For years, membership in the League of Women Voters’ Chicago Chapter remained at a plateau, but all that changed after the Presidential election last November.
Frustrated voters – many of whom are younger women (and men) joined the League in droves. Membership doubled to more than 300.
“A lot of people began to realize that the civic work we do really matters,” says Annie Logue, a financial consultant and professor who is the League president. “Rather than posting their disappointment on Facebook or signing change.org petitions, people were looking for ways to take action. Just because your preferred candidate didn’t win doesn’t mean you have to give up your voice.”
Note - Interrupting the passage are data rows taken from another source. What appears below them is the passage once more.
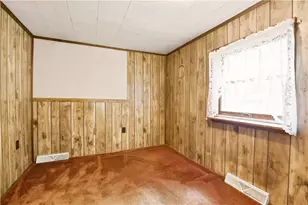 251 Evergreen Ln, Mount Pleasant Township, PA 15610 - Photo 27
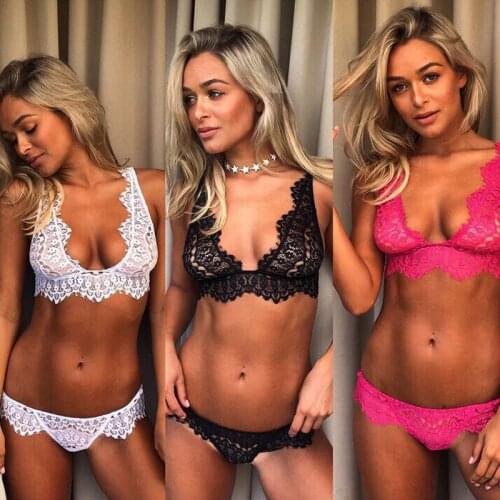 New 2018 Lace Padded Bra 3 Color White Black Light Red S-XL Push Up Underwear Set Bra and Panty Set Soft Bra Sets for Female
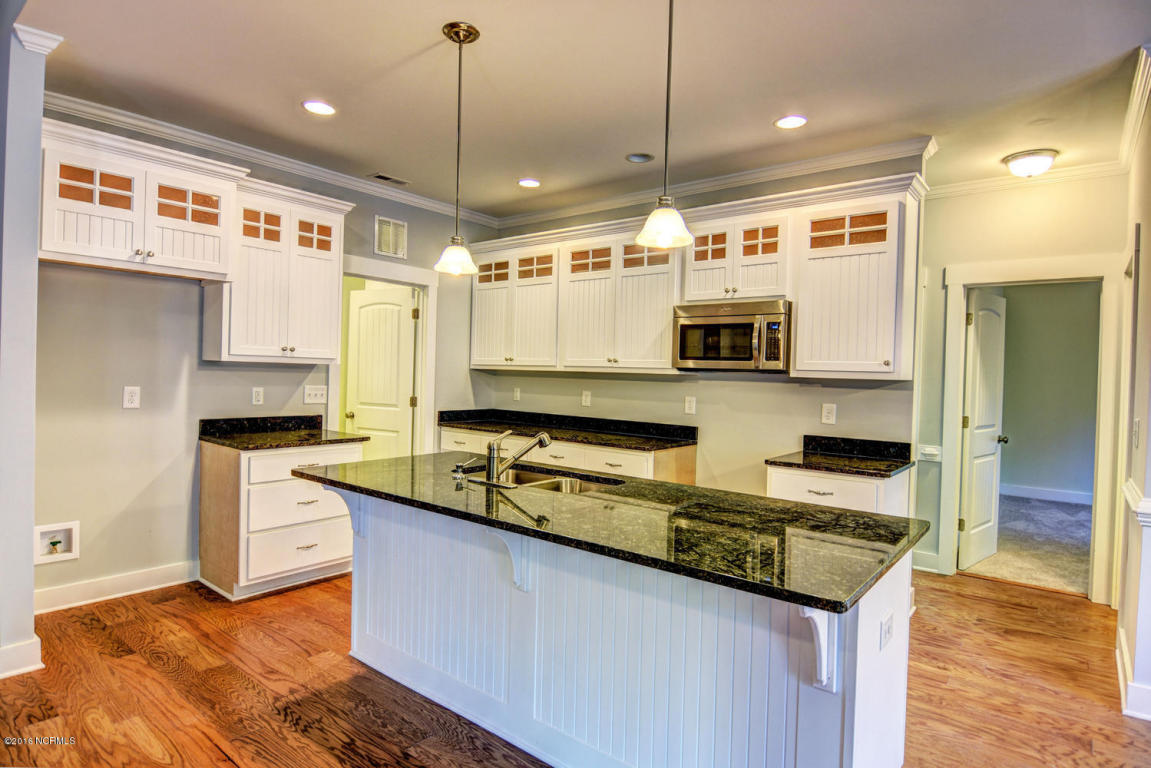 101 Weathersbee Dr, Hampstead, NC 28443 photo 9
The League of Women Voters is a 97-year-old non-partisan organization whose mission is to encourage active participation in government through education and advocacy. Members can participate in a variety of ways, including voter registration drives, lobbying elected public officials, helping organize numerous events often featuring elected public officials, and serving as moderators for political candidate forums. Issues they address and take positions on include the environment, healthcare,housing, and better government.
“We are also very concerned about attempts at voter suppression,” says Logue. “The President’s Advisory Committee on Election Integrity has requested voter records from all 50 states, ostensibly to investigate instances of illegal voting. Many believe they’re simply trying to discourage certain groups of people from voting. We can’t let that happen.”